Like newborn colts, just experiencing first impressions, the contributors to the first Freshman Review wobble through their first fearless but awkward steps. As Archibald MacLeish says in his extremely frank foreword, "There is nowhere . . . the signature of incontestable talent." The stories are in many places rough and virtually formless, yet they are, at least, frank and unhesitantly autobiographical.

Typical of this naivete is Mike Mann's story of a high-school tennis player and his girl. Mann withholds few details of malt-shop and classroom courtship and consequently manages to portray a few scenes and feelings in high school life rather accurately. Mann's autobiography, however, begins to drool a little at the mouth; if he had left out much of the diary-writing at the end, he might have seemed much less involved and his story might have had more punch.

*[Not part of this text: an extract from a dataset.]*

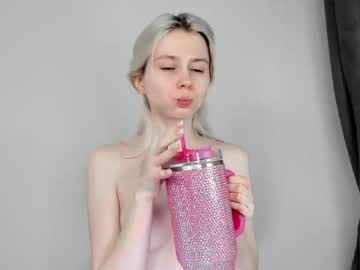 Foto erotica #3050175 pe KUR.ro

T. Alan Broughton, the author of the best story in the Review, comes much closer to good form in his three-part story of death on a farm, as seen by a small timid, and asthmatic boy. All of Broughton's characters are distinct; his descriptions are fine; and his point comes across without didactic elaboration. His dramatic tension is unusual for college writing, although he leans slightly on an episodic organization.

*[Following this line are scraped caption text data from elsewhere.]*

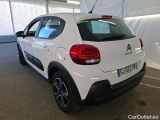 C3
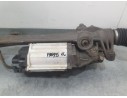 Recambio de cremallera direccion para volkswagen golf vi (5k1) 1.6 tdi referencia OEM IAM 1K1423055M  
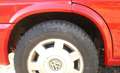 Volkswagen T4 Allstar T4/MULTIVAN/CARAVELLE Allstar/Classic 7DC MD2 Rot - thumbnail 8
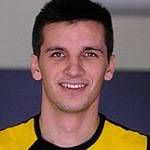 https://img.longzhuzhiboq.com.cn/img/football/player/c3b19670132984b4320cc09a0f5a4eb2.png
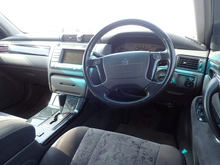 Load image into Gallery viewer, Toyota Crown Athlete V (ETA. Landing June)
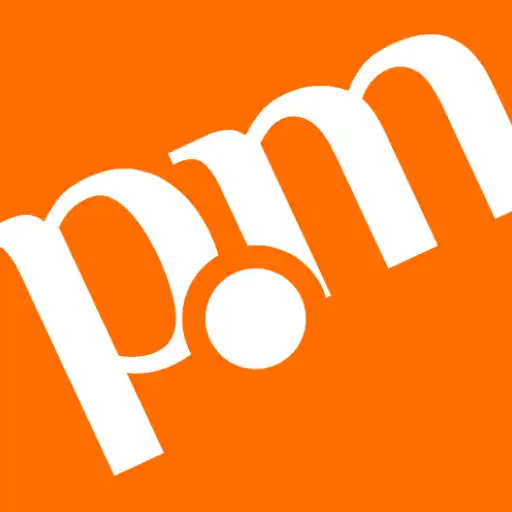 Play properties.market India APK Play properties.market India APK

Joe Walker's story on the inner turmoils of a mid-western freshman is obviously as sincere as anything in the issue, but it fails because his narration seems affected. Marie Winn's "Day of Wrath" is one of a current genre of back woods revival stories. Although her approach is not original, she does succeed in infuriating the reader by obscuring the action, meanwhile saying that she at least knows what is happening. Faulty narration can be employed with good effect is psychological writing, but Miss Winn only leaves one wondering if she herself has a clear idea of what occurs in her story.

Although 58's poetry is one the whole unexciting, A. E. Keir Nash's "Der Blaue Reiter" uses some very effective imagery in portraying the imaginative travels of a little boy on a wooden horse. Sallie Bingham seems to take a rather ambivalent attitude toward "The Young Girls," who "love in prudent silence on the frozen ground." Some allusions which bring to mind the Seven Dwarfs ("And start to work with soap, and heavy towels . . .") weaken the poem considerably. In his poem about Perseus, William Teunis describes the gods as "con-vanished," so it is somewhat jarring when they reappear "slamming the doors and pushing out the windows!" (His exclamation point.)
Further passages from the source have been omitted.